The duplex had been listed for sale for a decade, but until this year, its asking price and particular faults scared off suitors.

That all changed this winter. With the Lower Mainland housing market in a frenzy, the property was purchased by a foreign investor who never visited the home. And in February, an eviction notice arrived and the Zawatskys were plunged into a housing and rental market that has changed dramatically in the last year.

After years of work, the Zawatskys suddenly found their housing budget upended. Finding another rental unit seemed impossible, especially since, as Jonathan says, “Having pets is a death knell in this market.” The family also looked at buying, but most properties in the family’s budget were more expensive and less appealing than their current home.

So Sheena got typing, penning a passionate note about her family’s difficulty finding a new home.

“I don’t mind having to add hours to my weekly shifts,” Sheena wrote in her craigslist post. “I don’t mind working hard for what matters. I just want to put a roof over my family’s heads. Sounds simple, yeah? Well, it’s the opposite of simple.”

• • • • •

Last October, the Abbotsford-Mission area’s apartment vacancy rate was measured at 0.8 per cent, down dramatically from 3.1 per cent the previous year and the lowest rate on record since 1990. Average rents had also increased by nearly three per cent – outpacing the allowable rent increases on individual tenants allowed under the Residential Tenancy Act. (Rental rates can increase beyond that limit when tenants move.)

House prices, meanwhile, have skyrocketed. The price of a typical Mission home has increased by more than 20 per cent in just the last year (see story on Page 3). High demand and a low supply of homes for sales means that many of those properties listed generate multiple offers, which has only helped drive up prices.

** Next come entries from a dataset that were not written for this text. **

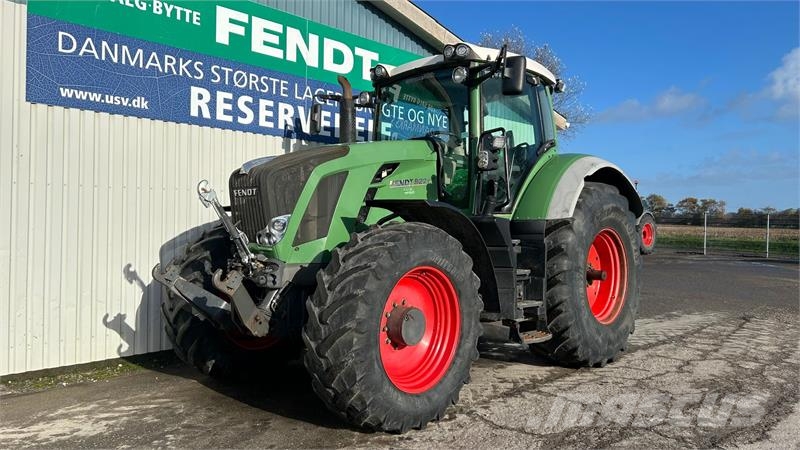 Fendt 822 Vario SCR Profi Plus Traktorji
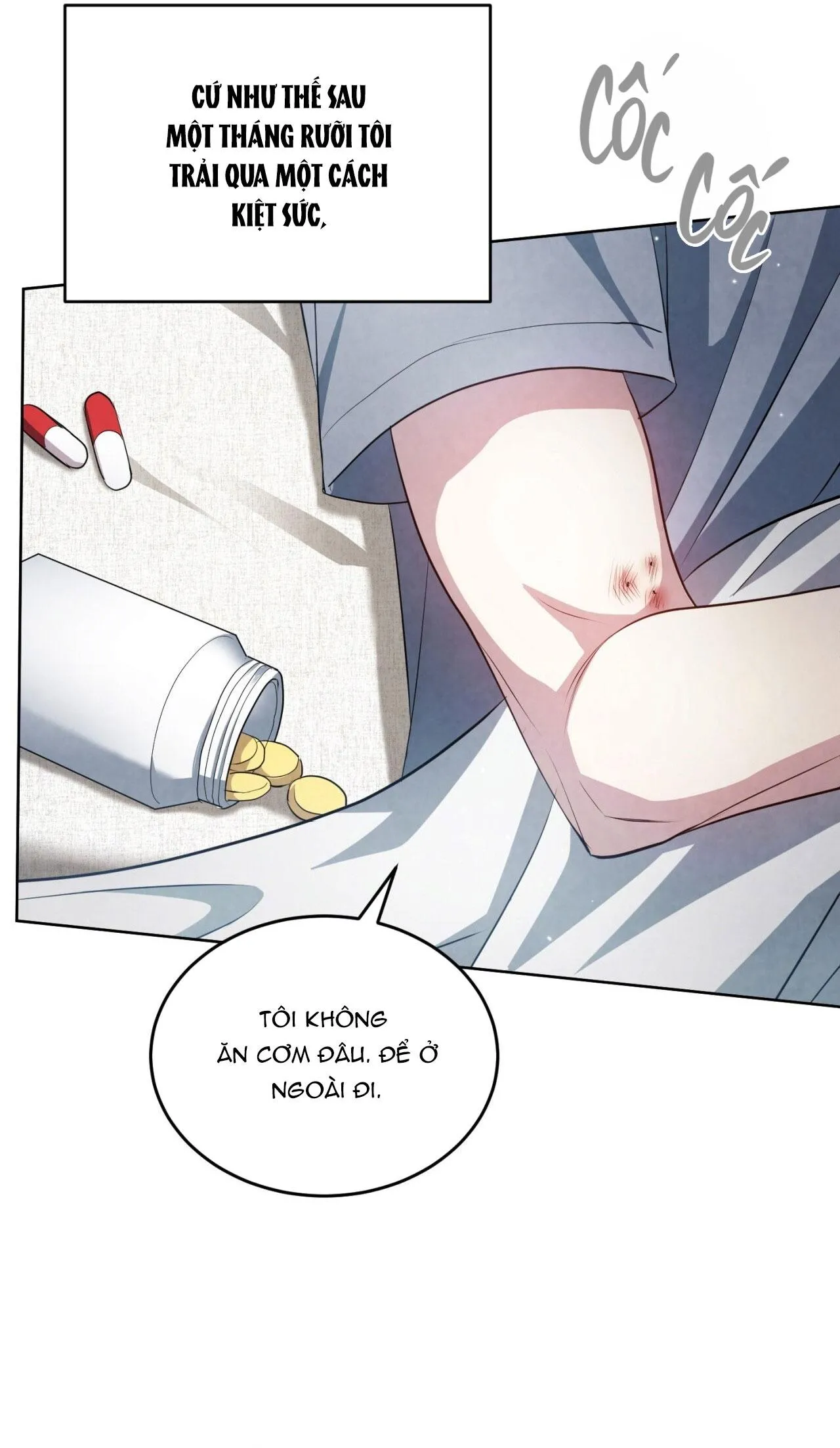 THẾ GIỚI XUNG KHẮC Chapter 12 Trang 23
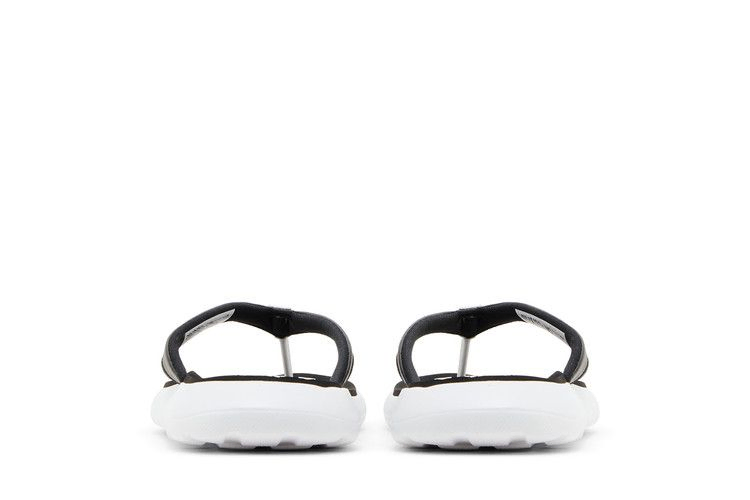 Кроссовки adidas Wmns Comfort Flip Flop 'White Black'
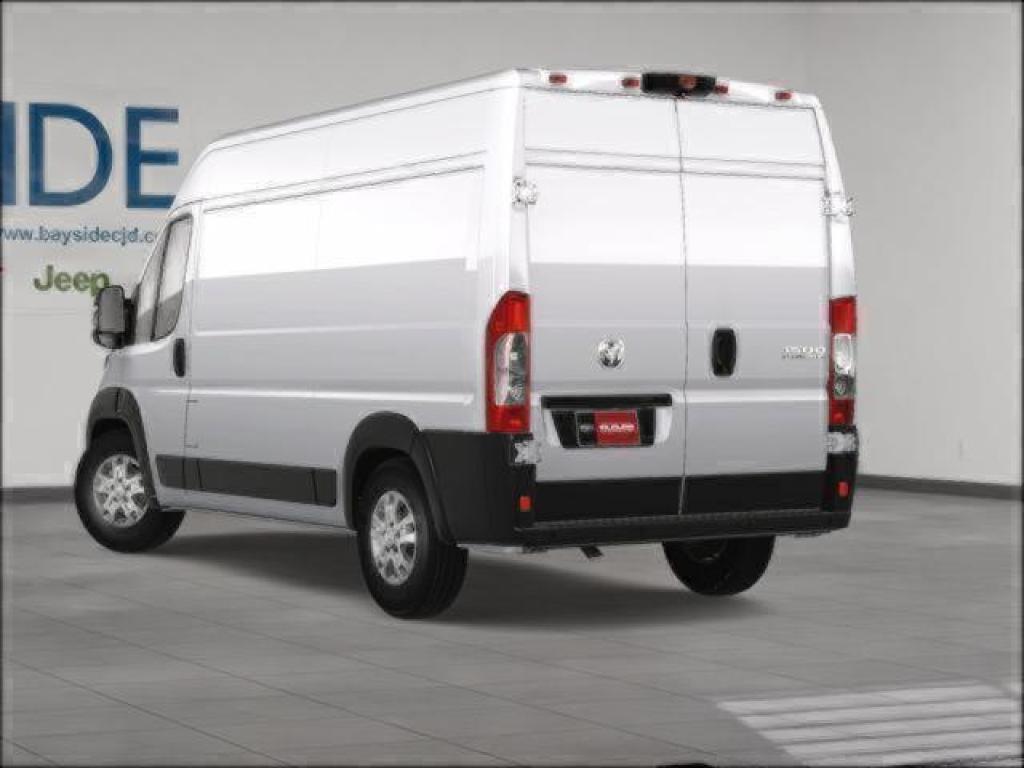 new 2025 Ram ProMaster 1500 car, priced at $60,435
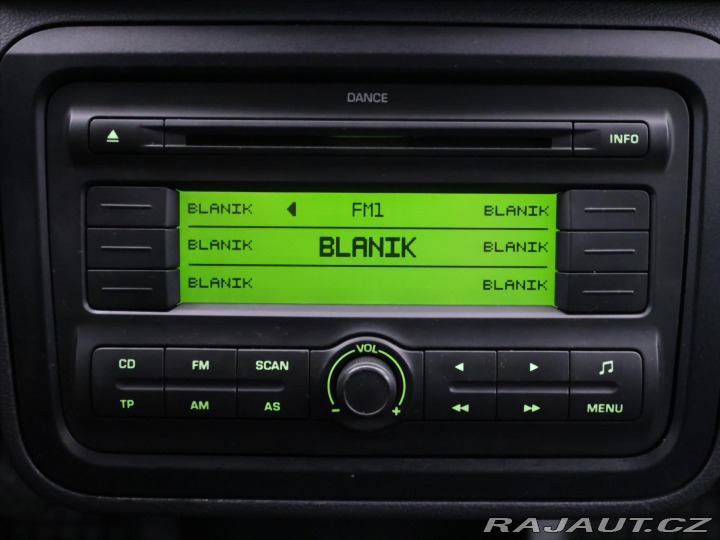 Škoda Fabia 1,4 16V 63kW Sport 2007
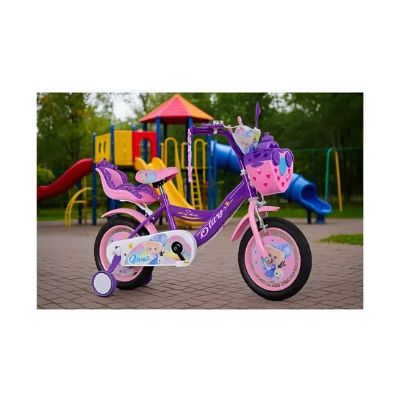 Imagen 2 del producto Bicicleta Aro 16 Infantil Con Ruedas De Aprendizaje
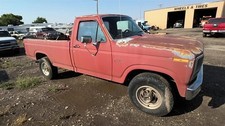Manual Transmission 4 Speed Ford Overdrive Fits 84-87 Ford F150 Pickup 30692430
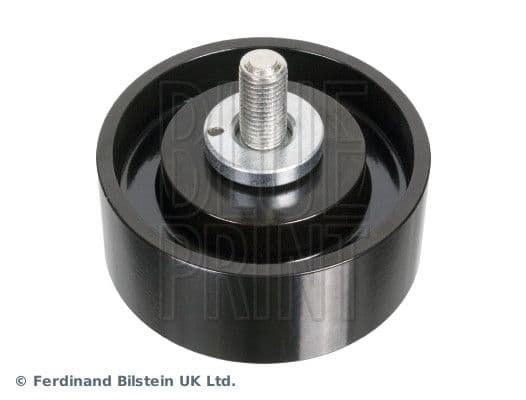 Deflection/Guide Pulley, V-ribbed belt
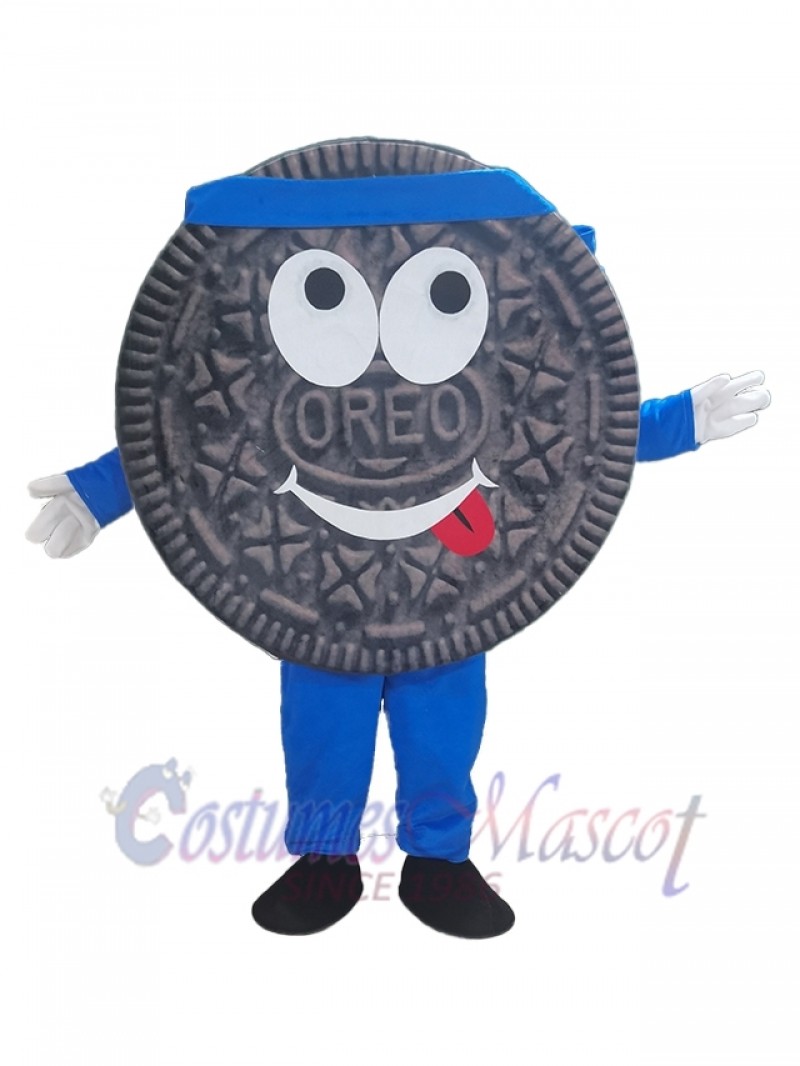 Oreo Cookies mascot costume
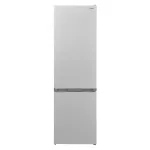 Sharp SJ-FBB05DTXWE eraldiseisev k&uuml;lmik-s&uuml;gavk&uuml;lmik, 288 l (204 l + 84 l), alumine s&uuml;gavk&uuml;lm, NanoFrost, 180 cm, energiaklass E, valge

Real estate professionals say that as the price of housing has increased in Vancouver and surrounding suburbs, residents there have looked further east, driving up home values in the Fraser Valley.

“What happens is, as prices get too high in the city, [people] start to move out,” the Fraser Valley Real Estate Board’s Jorda Maisey said earlier this year. “When you start having more buyers and less inventory, it’s supply and demand. The activity starts to shift, and get further and further out.”

In the Fraser Valley, there are indications that at least some of the housing demand is tied to a booming economy.

Statistics Canada recently reported unemployment rates to be on a steady decline in the city, from 8.8 per cent in 2011 to 6.4 per cent in 2015. And the Canada Mortgage and Housing Corporation (CMHC) has attributed demand to an improving labour market bolstered, in part, by a manufacturing sector aided by the low dollar.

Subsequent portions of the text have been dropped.